** WHAT YOU WILL DO **
Retype the line with "Greenery mixed with" exactly. Then retype every line after it through the end of the entries below, and nothing more, leaving out pictures.

──────── TASK DATA

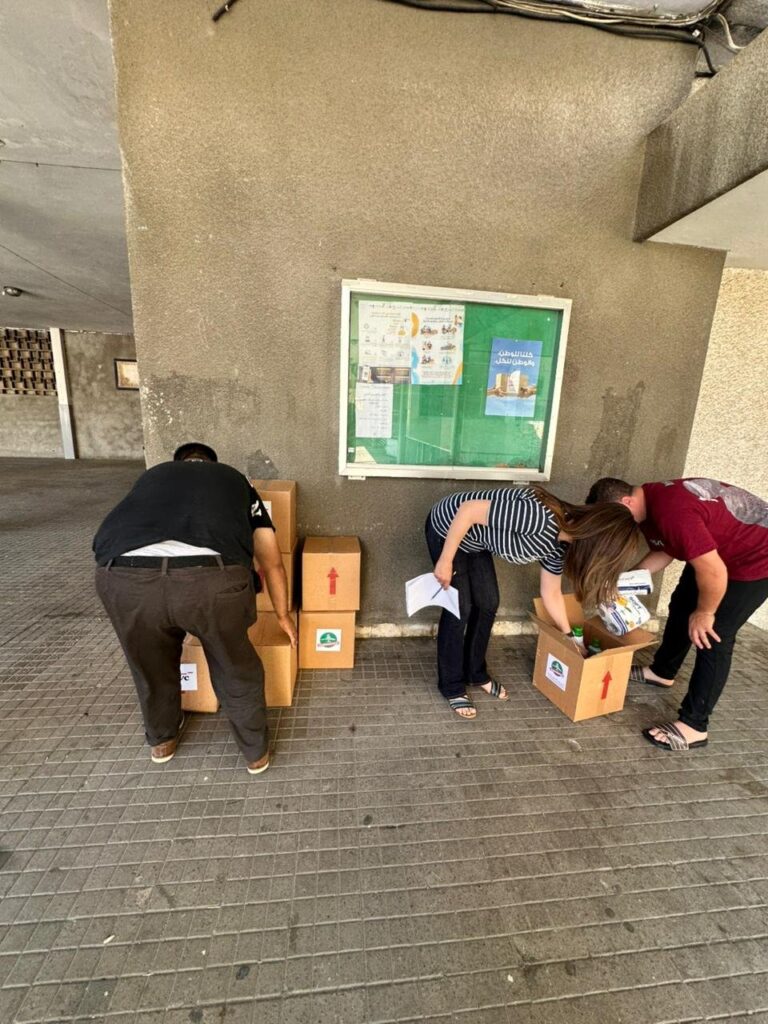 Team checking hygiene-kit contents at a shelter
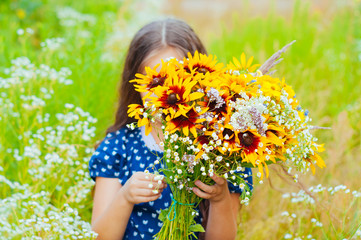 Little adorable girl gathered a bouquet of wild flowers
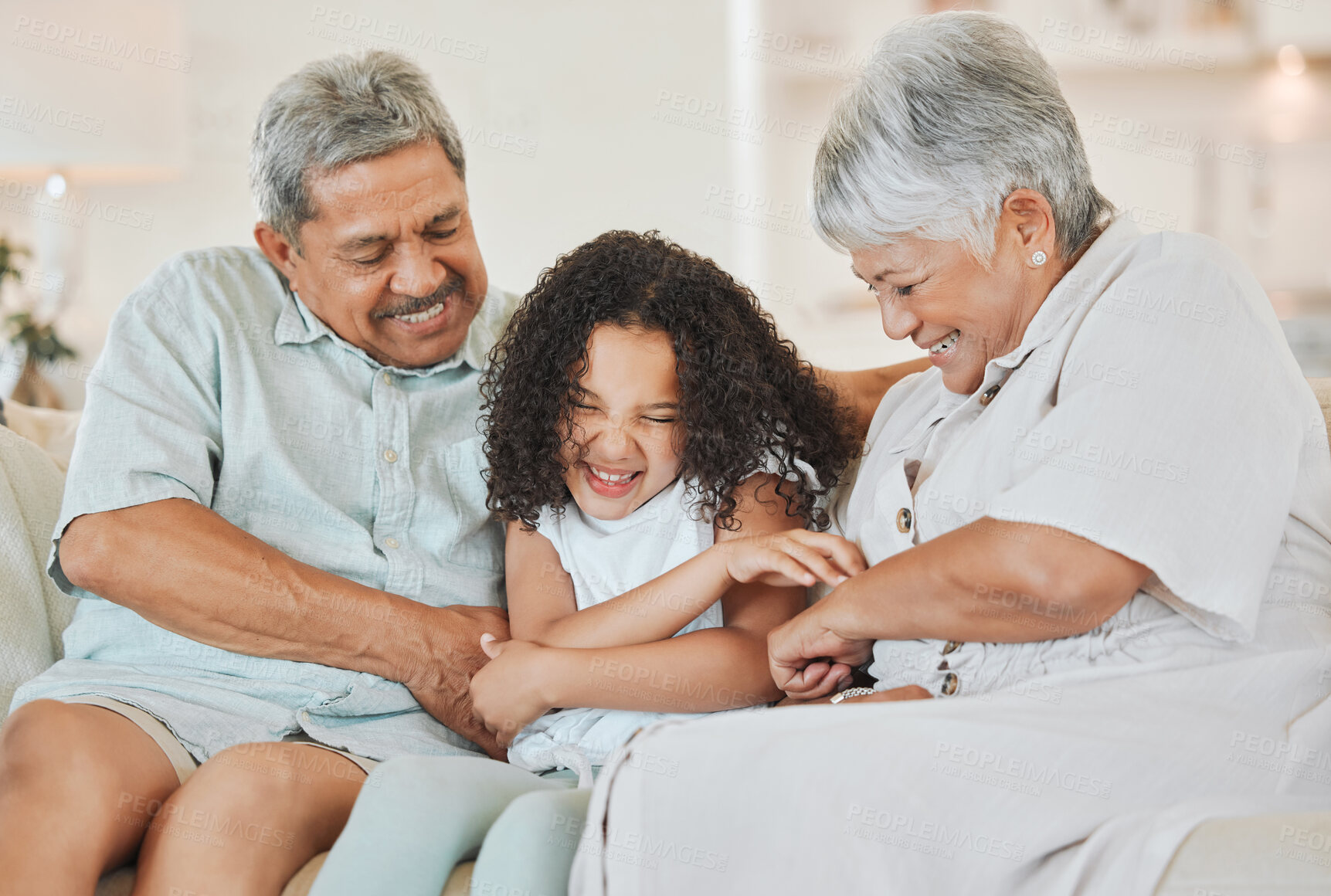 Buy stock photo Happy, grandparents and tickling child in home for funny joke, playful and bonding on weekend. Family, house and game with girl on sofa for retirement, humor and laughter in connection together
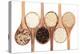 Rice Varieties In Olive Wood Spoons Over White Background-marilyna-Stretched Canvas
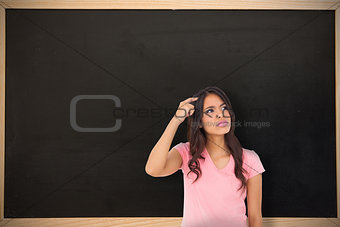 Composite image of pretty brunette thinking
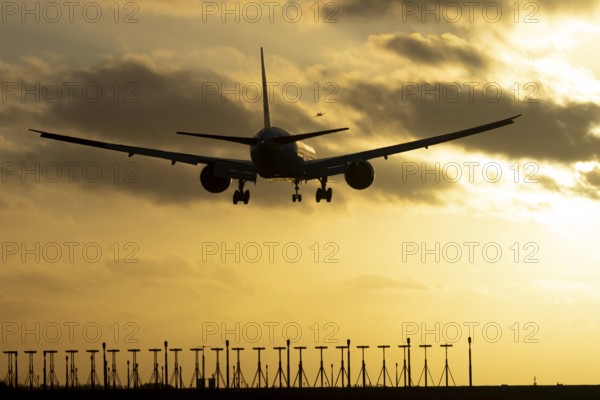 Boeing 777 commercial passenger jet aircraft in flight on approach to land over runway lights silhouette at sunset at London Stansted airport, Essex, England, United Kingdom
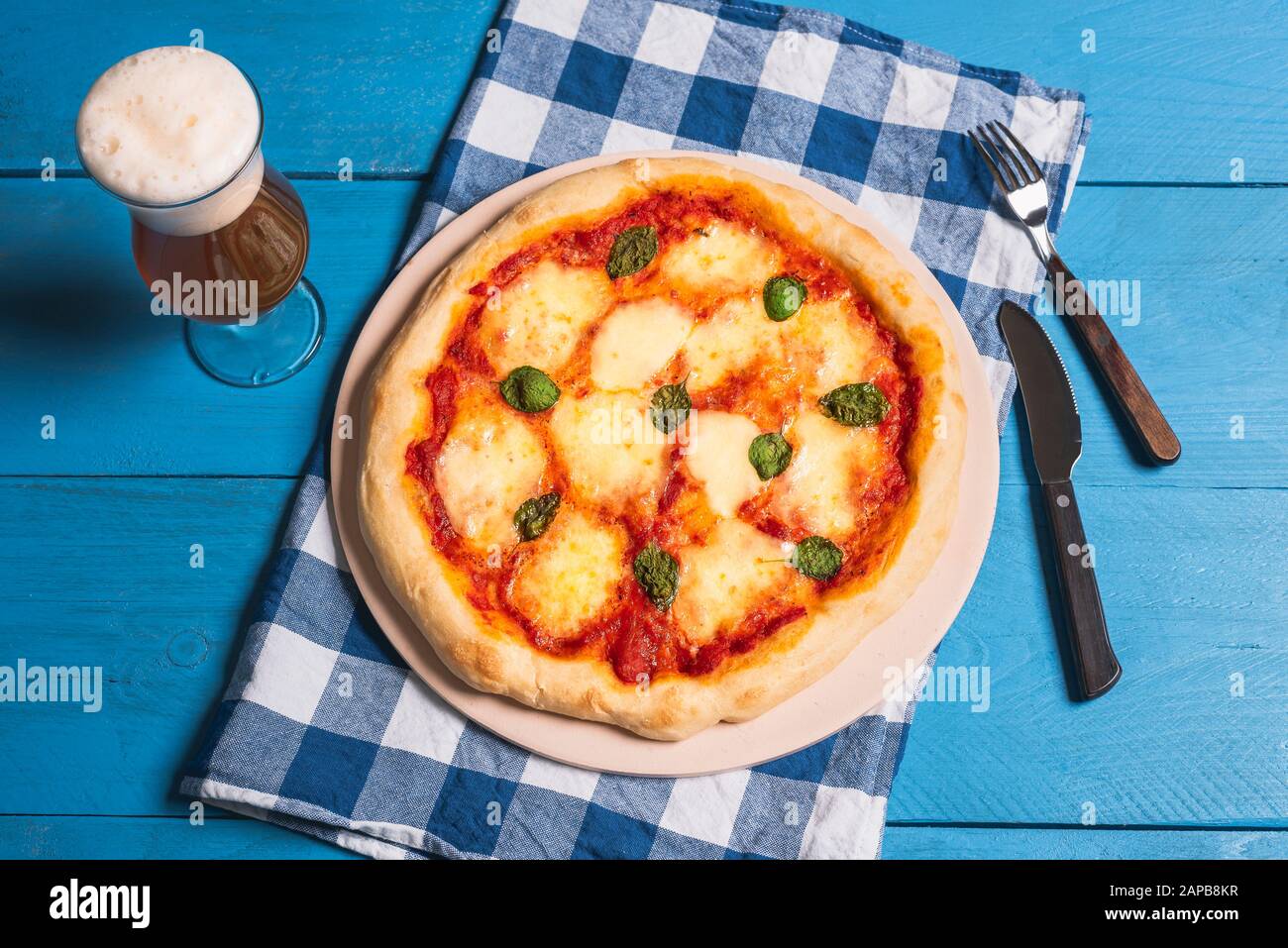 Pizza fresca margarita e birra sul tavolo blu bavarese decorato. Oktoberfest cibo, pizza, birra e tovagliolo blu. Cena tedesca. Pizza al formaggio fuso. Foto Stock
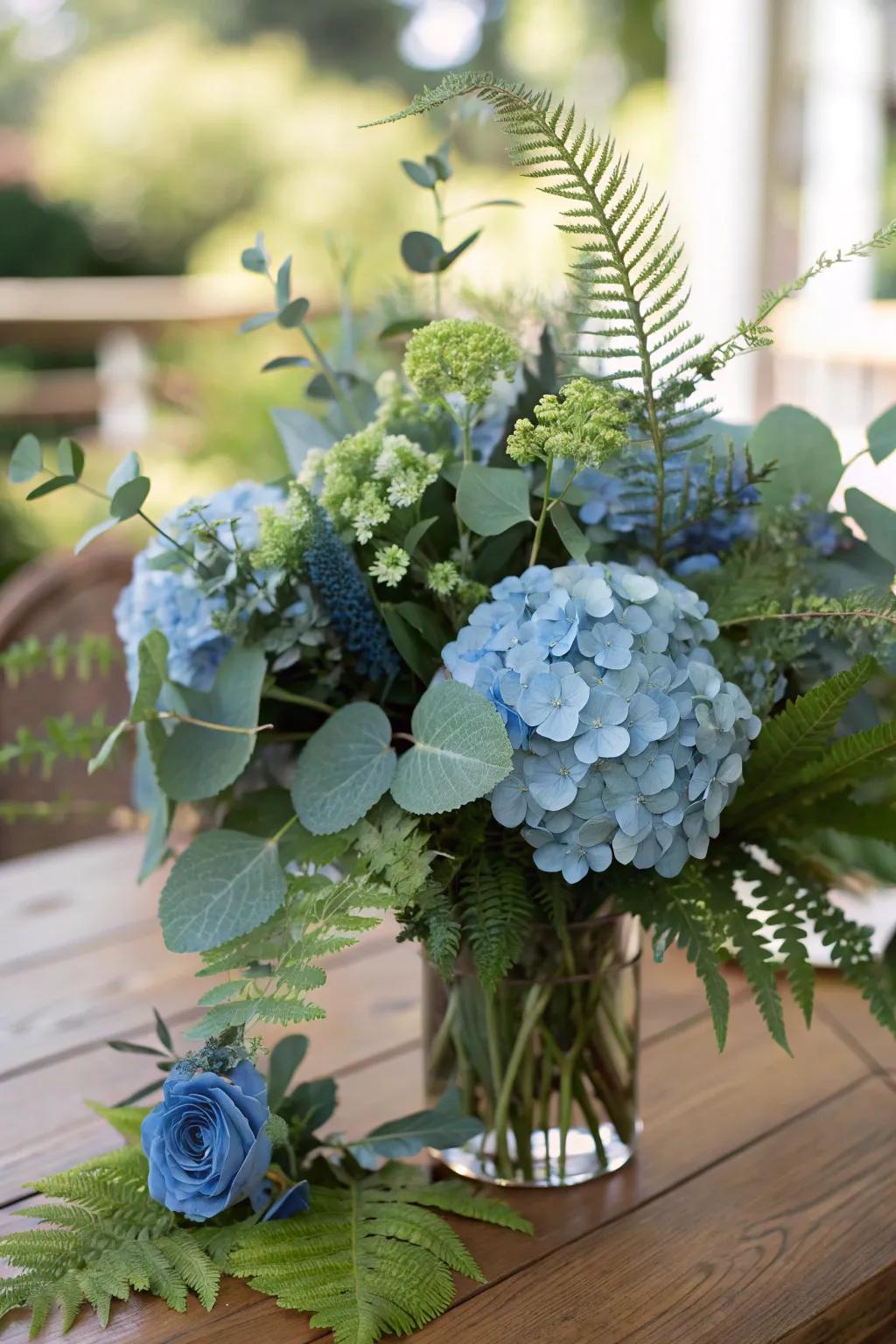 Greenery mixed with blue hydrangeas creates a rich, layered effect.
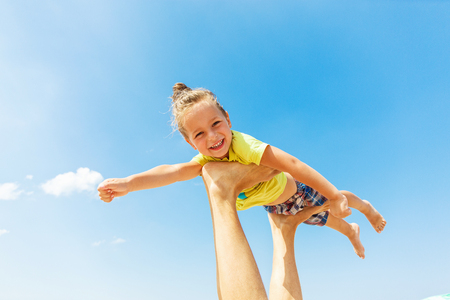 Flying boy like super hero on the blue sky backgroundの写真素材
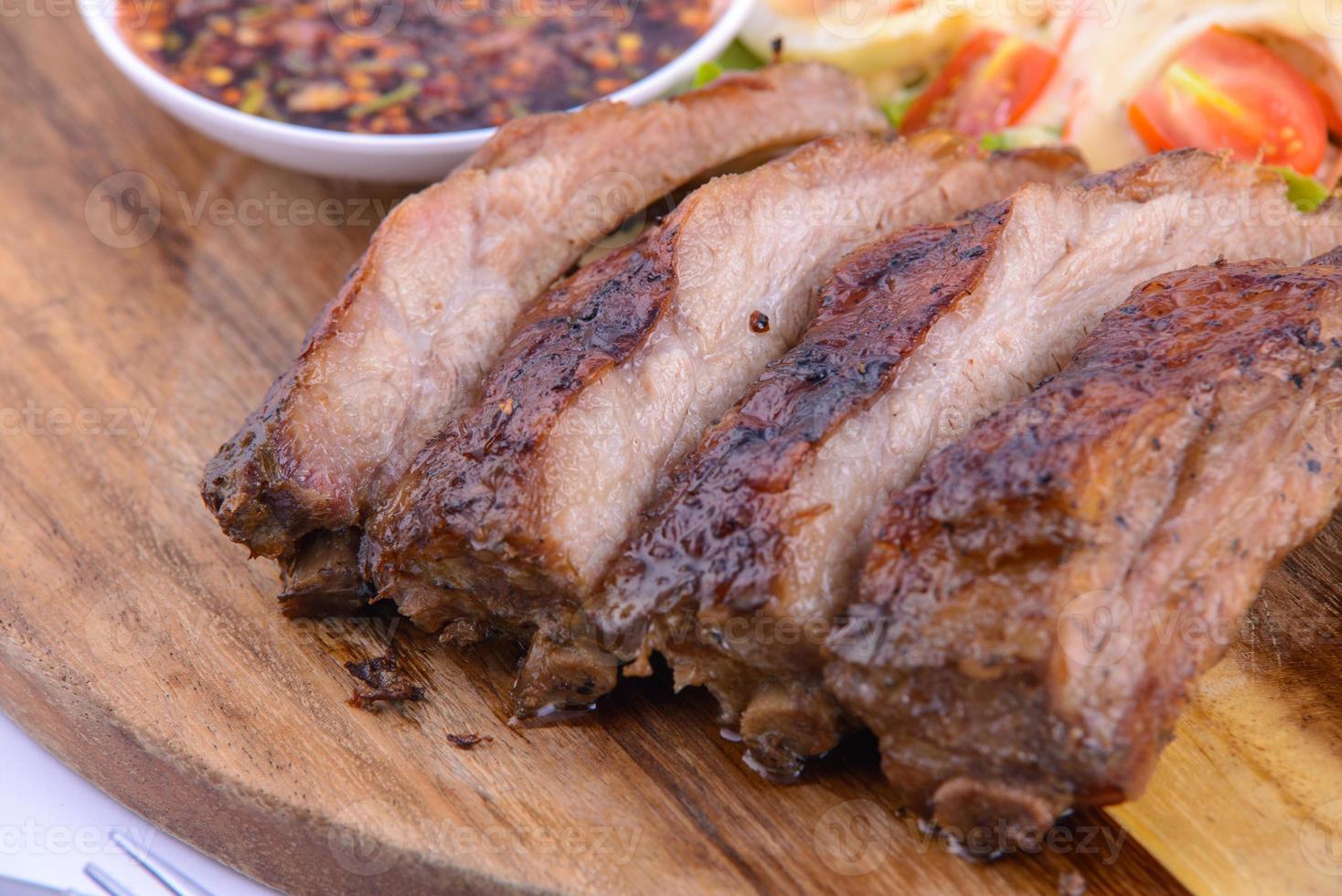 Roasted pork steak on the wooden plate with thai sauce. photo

────────────────

** WRITTEN ANSWER **
 Greenery mixed with blue hydrangeas creates a rich, layered effect.
 Flying boy like super hero on the blue sky backgroundの写真素材
 Roasted pork steak on the wooden plate with thai sauce. photo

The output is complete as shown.